Gray whales have been experiencing a mass die-off over the past four years — 688, many of them malnourished, have washed up over the past five years. Scientists say that figure is likely only a fraction of the total number of dead whales, as the majority sink to the ocean floor.
A study published by researchers at Oregon State University says the die-off is likely fueled by declining sea ice in the Arctic. Algae growing on the underside of sea ice is eaten by benthic amphipods, which are a key part of gray whales’ diet.
With global temperatures rising and Arctic sea ice melting, there is less algae for benthic amphipods to feed on. As benthic amphipods starve, there is less food available to gray whales.

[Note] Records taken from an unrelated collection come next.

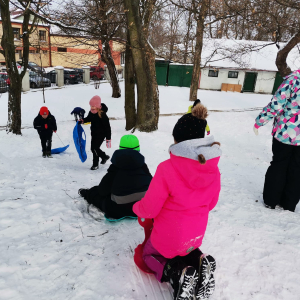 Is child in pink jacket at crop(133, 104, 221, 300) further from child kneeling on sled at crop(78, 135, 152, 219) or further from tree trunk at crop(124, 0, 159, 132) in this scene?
tree trunk at crop(124, 0, 159, 132)

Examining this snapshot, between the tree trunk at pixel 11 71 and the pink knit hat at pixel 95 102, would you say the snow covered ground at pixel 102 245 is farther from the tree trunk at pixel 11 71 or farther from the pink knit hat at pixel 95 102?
the tree trunk at pixel 11 71

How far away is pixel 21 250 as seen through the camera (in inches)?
104

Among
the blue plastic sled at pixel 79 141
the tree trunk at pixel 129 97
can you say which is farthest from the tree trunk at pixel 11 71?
the blue plastic sled at pixel 79 141

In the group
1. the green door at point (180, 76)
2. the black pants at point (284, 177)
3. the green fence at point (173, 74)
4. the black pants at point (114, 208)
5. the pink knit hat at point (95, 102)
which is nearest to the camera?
the black pants at point (114, 208)

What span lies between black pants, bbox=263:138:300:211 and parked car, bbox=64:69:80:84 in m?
25.5

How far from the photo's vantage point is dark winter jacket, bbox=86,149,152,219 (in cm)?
309

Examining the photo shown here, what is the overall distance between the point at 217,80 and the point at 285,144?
24.5 m

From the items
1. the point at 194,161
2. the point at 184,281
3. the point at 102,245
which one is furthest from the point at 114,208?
the point at 194,161

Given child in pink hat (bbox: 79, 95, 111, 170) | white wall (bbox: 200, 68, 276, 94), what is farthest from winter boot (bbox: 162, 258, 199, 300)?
white wall (bbox: 200, 68, 276, 94)

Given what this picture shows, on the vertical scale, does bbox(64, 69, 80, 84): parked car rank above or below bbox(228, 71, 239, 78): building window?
below

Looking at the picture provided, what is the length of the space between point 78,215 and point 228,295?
6.91 feet

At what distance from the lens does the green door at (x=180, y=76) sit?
2758 cm

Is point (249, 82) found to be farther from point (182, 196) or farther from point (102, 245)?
point (182, 196)

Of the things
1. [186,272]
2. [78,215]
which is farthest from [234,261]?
[78,215]
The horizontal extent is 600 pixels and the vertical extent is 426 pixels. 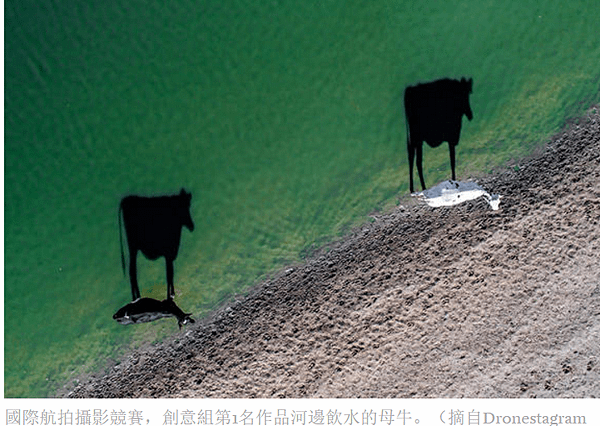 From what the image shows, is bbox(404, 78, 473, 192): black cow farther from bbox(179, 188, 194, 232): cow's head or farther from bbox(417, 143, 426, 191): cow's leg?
bbox(179, 188, 194, 232): cow's head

Why is this die-off concerning?
Gray whales have experienced die-offs before. In 1999, federal agencies declared an “Unusual Mortality Event” among them. No cause was ever identified, and the population made a comeback.
This die-off has lasted twice as long and led to the deaths of twice as many whales as the 1999 die-off. Scientists estimate the gray whale population has declined to half its size in 2016, from 27,000 down to 14,500 gray whales.
Arctic sea ice is melting more rapidly than ever due to Earth’s overheating. Scientists say the present die-off is showing signs of slowing, but if the ice continues to melt as quickly as it has been in recent years, one of the gray whales’ primary food sources will continue to decline, putting whales at risk of starvation.
“[Gray whales are] resilient. They have the ability to adapt to changes in their environment and have been able to scrape by and recover, so I hope that they’ll be able to do that moving forward as well,” said Joshua Stewart, ecologist and assistant professor with Oregon State’s Marine Mammal Institute and lead author of the study.
However, Stewart further said that regardless of this, the effects of rising global temperatures will not allow the Arctic to support as many gray whales as it has in the past, citing it as “tragic.”
Not only are whales valuable for tourism and beneficial for coastal economies, but they can also help slow the rising temperatures threatening them. According to data from the International Monetary Fund, on average a whale can sequester 33 tons of carbon.
What’s being done about the die-off?
Stewart told the Oregonian that, despite the continued melting of sea ice, there was some cause for optimism.
Stewart hopes further research will help scientists and conservationists better protect the gray whale population.
“We’re hoping that by diving a little deeper into the causes we can maybe better predict what the future of the gray whale population will look like, and then take some lessons from that for other large whale species and populations that are maybe increasingly impacted by climate change,” he told the Newsguard.